Дядя Ефим скользнул взглядом по напряженным лицам ребят, раскурил потухшую было папиросу и продолжал:

— Ну, и доставалось за это басурманам. Здорово били их запорожские и донские казаки. Посидают на свои «чайки» — и в поход: то сюда на Орду, то в Туретчину — вызволять братьев-невольников. «Чайки» плоскодонные, легкие, вроде наших рыбацких байд, и под парусом — как белокрылые птицы летят. Не страшны им морские просторы.

Однажды, поздней осенью, в самую штормовую пору возвращались донцы из похода в Туретчину. Много было с ними вызволенных невольников, добра всякого, золота, драгоценных камней.

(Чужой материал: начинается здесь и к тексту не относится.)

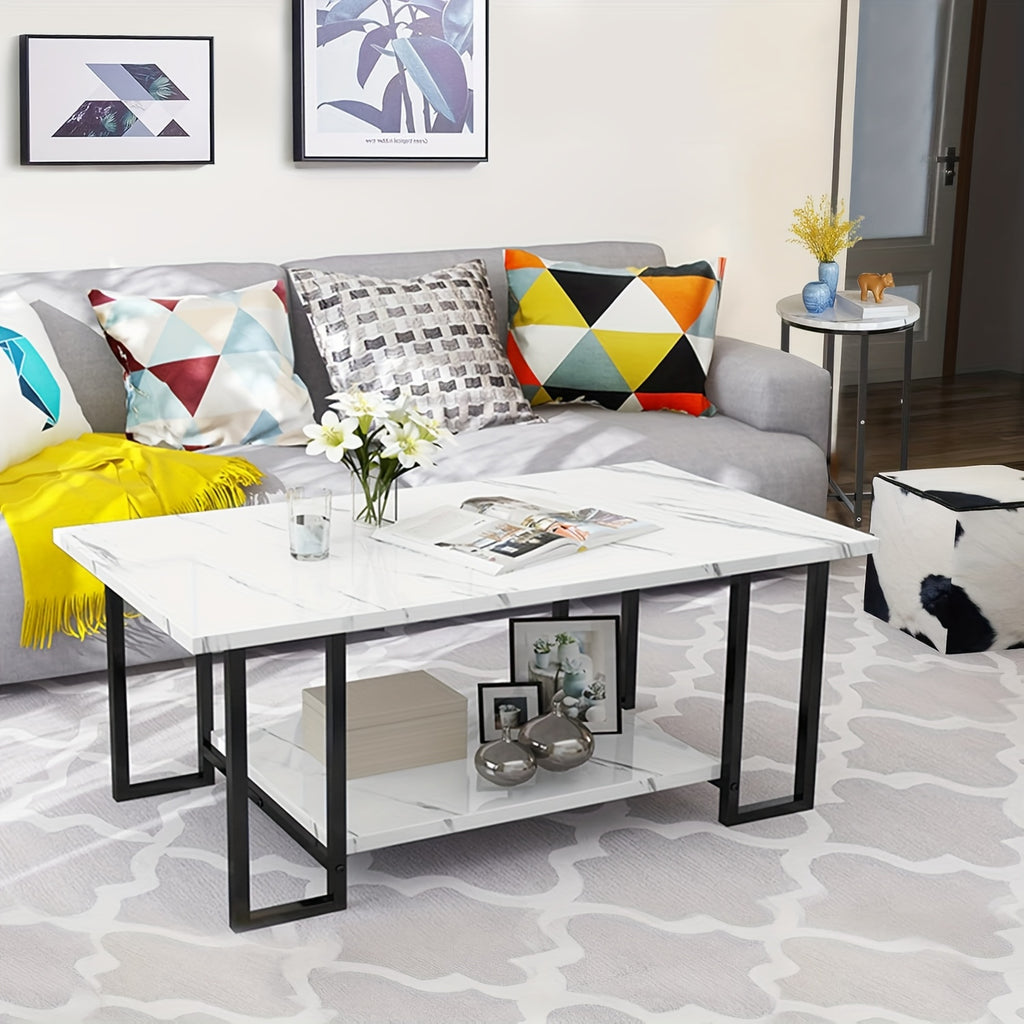3pcs Coffee Table Set, Faux Marble Coffee Table with 2 Side Table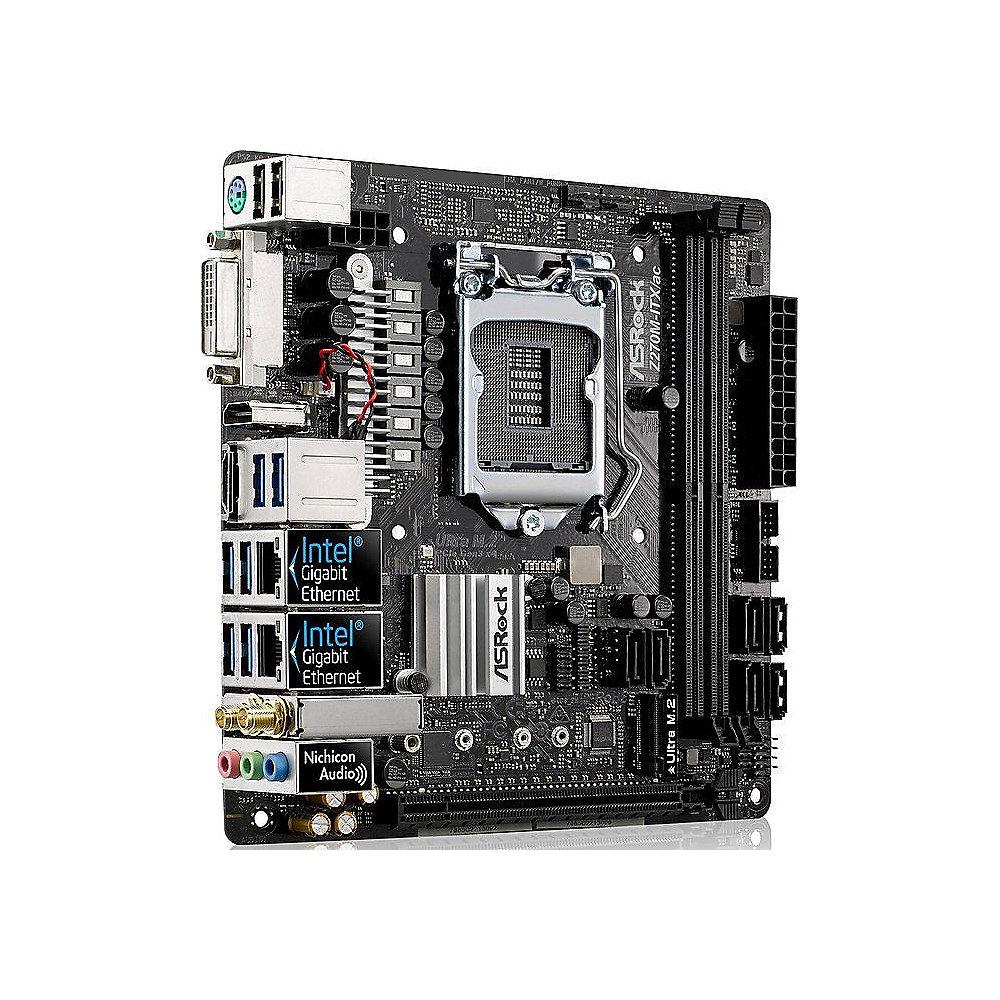 ASRock Z270M-ITX/ac mITX Mainboard Sockel 1151 USB3.0/M.2/2xHDMI/DVI/2xGb-LAN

Спервоначала все шло хорошо — ветер был попутный. Быстро перемахнули «чайки» Черное море. Но, как говорится, без кости рыбки не бывает — не повезло казакам под конец. Только стали приближаться к проливу, тут и встретил их норд-ост — «грего», как его рыбаки называют. Такой налетел ветрище со штормом, что враз отбросил «чайки» в море. Бились казаки, бились — всё попусту. Уносит их в море. В такую погоду плыть — на краю смерти ходить. Ну, и порешил атаман ихний переждать погоду в тех самых пещерах. Пристали к берегу, разбили лагерь и стали ждать. Ждут день, ждут три, неделю, а ветер и шторм не унимаются. Известно, чем ближе к зиме, тем погода лютей. А ждать дольше нельзя — татары и турки пронюхали про казацкое становище и начали с суши на них наседать. С каждым днем татар все больше и больше. Как тут быть? Пораздумал атаман и решился. Призывает он ночью трех доверенных казаков и велит им схоронить добычу в землю. Собрали казаки все золото, драгоценности и зашили в семь воловьих шкур. Потом снесли подальше в пещеры и зарыли клад. С рассветом снялись казаки и уплыли. Вскоре после того погиб в бою атаман, сложили свои буйные головы и те казаки, что клад зарывали. С тех пор так клад и лежит. А на том месте, где было становище, и поныне находят казацкие клинки, ножи и пики.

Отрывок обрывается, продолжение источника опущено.